Well, it
was looking clean, but you appear to still be infected. We're going to have to go over a few steps again.
First, I would like for you to download
AVG Free, install it, and update it to the latest definitions.
Then I would like for you to get a firewall. I usually wait to until after cleaning a log to suggest this, but I think you need it. You're vulnerable without a firewall, so you should look into getting either
ZoneAlarm,
Kerio Personal Firewall, or
Comodo. They're all good free firewalls. Just be sure you only have
one installed at a time! Download the firewall of your choice, disconnect from the internet, disable Windows Firewall, and install your new firewall.
Once you have done all of that, do the following...
1. Download
VundoFix and save it to your desktop.
2. Run VundoFix and click on
Scan For Vundo.
3. Once it's done scanning, click on
Remove Vundo.
4. When it prompts you to remove the files, click on Yes.
5. Your desktop will go blank as it's removing files. Don't worry, this is normal.
6. It will prompt you to restart your computer, so click OK.
7. When your computer is turned back on, your problem should be gone.
8. The program normally produces a
Vundofix.txt file. Please locate this file and paste the contents in your next post.
And then, just to be thorough...
1. Download
VirtumundoBeGone and save it to your desktop.
2. Reboot into Safe Mode.
3. Once you are in Safe Mode, run VirtumundoBeGone and follow the instructions.
4. Exit when it has finished and follow my next steps...
I recommend that you
print out this post or save it to a Notepad file. Open HijackThis and scan again. Check the following entries, but don't do anything to them yet...

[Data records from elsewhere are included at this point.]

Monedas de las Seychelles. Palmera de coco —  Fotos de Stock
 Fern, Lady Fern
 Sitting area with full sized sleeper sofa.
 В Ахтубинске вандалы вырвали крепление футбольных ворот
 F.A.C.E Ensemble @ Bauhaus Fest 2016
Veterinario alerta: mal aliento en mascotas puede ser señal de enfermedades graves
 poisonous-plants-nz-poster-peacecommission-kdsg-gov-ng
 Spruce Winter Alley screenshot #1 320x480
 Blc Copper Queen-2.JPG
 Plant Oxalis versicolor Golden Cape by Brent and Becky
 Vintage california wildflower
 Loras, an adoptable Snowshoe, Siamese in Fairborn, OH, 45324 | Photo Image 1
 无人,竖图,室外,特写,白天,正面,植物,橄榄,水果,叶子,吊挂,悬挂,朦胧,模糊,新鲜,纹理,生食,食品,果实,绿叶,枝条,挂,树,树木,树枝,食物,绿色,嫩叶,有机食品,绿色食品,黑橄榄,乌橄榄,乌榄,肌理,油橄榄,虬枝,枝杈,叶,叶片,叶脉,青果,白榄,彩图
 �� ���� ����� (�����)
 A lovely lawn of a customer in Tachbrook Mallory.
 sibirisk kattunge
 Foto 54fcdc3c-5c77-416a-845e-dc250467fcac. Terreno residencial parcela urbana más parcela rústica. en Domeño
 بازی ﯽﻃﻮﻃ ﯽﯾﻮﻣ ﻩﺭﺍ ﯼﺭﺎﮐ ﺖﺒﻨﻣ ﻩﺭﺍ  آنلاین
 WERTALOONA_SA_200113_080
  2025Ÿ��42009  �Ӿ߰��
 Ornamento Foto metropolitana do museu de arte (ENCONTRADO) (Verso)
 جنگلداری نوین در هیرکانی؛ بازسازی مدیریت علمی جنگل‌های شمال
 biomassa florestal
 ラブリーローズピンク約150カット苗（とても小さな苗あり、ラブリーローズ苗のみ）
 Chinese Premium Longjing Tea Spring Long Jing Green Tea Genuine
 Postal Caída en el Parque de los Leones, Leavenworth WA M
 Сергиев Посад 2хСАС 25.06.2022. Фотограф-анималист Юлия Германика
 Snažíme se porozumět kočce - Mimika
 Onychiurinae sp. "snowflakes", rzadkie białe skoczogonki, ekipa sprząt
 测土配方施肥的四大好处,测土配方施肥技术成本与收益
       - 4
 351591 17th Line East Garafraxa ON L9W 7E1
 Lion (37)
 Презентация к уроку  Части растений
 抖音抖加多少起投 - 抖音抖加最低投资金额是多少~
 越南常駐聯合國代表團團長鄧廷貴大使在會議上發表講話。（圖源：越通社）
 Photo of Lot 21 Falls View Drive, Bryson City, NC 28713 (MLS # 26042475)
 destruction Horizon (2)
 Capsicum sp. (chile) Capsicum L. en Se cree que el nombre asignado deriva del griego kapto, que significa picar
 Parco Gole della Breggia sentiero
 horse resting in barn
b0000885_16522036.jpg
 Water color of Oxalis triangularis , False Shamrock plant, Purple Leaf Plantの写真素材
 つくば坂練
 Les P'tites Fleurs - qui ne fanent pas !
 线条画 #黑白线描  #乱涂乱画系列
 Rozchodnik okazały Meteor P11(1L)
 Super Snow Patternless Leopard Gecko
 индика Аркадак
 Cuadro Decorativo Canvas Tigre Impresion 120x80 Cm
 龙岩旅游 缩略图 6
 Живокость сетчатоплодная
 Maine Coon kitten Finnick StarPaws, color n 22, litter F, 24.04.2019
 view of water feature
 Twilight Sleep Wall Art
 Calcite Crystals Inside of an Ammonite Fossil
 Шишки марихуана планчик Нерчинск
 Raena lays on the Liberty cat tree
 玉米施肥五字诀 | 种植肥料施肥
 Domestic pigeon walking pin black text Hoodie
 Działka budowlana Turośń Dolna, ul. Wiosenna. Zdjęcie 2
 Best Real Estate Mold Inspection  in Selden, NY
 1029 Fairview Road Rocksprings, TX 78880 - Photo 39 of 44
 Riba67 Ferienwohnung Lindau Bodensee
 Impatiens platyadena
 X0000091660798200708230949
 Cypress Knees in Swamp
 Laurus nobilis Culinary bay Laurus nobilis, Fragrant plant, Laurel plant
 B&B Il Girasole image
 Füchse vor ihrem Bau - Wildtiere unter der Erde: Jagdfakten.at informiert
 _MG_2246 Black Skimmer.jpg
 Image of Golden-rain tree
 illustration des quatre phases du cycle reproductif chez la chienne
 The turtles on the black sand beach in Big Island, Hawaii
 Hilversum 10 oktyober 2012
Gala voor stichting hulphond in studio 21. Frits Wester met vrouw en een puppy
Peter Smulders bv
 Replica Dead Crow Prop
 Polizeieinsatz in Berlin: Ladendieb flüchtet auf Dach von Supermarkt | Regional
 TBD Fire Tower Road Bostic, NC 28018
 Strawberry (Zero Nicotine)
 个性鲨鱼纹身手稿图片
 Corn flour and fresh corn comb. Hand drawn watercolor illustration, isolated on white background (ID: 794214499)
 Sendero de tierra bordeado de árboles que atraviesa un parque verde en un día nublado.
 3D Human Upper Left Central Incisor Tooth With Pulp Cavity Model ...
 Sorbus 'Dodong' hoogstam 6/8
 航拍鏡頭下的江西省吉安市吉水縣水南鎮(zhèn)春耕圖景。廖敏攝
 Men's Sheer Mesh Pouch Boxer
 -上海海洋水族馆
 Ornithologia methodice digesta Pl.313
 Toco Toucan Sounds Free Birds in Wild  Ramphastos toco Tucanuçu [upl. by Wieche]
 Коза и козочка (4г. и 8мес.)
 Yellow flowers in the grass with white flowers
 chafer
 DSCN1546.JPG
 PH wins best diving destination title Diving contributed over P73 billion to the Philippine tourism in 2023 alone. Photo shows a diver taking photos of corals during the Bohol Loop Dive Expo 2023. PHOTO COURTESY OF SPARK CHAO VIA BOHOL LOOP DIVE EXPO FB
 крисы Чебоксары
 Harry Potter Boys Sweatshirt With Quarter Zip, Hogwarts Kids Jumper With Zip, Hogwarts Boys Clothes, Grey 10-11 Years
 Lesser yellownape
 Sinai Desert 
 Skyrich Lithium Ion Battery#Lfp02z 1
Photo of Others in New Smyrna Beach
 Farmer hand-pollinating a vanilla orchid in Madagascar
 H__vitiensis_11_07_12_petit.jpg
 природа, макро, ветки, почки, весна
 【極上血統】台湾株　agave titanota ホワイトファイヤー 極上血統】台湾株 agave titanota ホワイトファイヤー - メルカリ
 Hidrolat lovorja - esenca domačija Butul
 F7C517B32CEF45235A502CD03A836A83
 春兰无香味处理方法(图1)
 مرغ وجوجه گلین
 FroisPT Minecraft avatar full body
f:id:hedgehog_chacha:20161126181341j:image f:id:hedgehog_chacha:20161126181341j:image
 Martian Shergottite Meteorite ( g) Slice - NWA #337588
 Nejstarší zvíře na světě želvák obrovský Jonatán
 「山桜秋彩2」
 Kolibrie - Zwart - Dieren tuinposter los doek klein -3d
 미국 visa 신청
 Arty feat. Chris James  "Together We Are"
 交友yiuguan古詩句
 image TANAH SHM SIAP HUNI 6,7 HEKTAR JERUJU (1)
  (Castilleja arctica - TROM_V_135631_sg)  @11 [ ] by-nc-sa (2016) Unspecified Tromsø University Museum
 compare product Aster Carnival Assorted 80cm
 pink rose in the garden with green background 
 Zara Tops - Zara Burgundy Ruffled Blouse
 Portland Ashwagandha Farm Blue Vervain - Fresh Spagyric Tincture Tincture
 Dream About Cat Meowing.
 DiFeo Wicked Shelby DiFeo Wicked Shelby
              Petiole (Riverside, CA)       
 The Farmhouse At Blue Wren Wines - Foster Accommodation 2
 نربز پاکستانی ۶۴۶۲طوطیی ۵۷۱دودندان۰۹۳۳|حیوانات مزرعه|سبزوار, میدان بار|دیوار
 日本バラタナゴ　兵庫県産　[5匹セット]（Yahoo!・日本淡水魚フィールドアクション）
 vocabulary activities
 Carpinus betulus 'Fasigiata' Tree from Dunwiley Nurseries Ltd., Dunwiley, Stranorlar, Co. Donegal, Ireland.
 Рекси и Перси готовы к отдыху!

O4 - HKLM\..\Run: [lphecjfnlq] c:\windows\system32\lphecjfnlq.exe lphecjfnlq
O4 - HKCU\..\Run: [Instant Access] C:\WINDOWS\system32\linkprd.exe /res
O16 - DPF: {201B9B37-848F-40BD-90EA-7B8F0AA89D6A} - http://us2-scripts.dlv4.com/binaries/egaccess4/egaccess4_1071_em_XP.cab
O17 - HKLM\System\CCS\Services\Tcpip\..\{7ADF3C66-6A7D-4572-A587-EC5B831D01B3}: NameServer = 205.188.146.145Now, close
all windows (including this one) besides HijackThis, then click Fix Checked. Close HijackThis and
enable hidden files and folders.
Navigate to and delete the following file(s) if present...
c:\windows\system32\lphecjfnlq.exe
C:\WINDOWS\system32\linkprd.exeOnce you've done all of this, perform a full system scan with AVG and then reboot into Normal Mode and post a new HijackThis log so we can see if there's any other junk we need to clean up. Let me know how everything's running now and if you had any problems following my steps.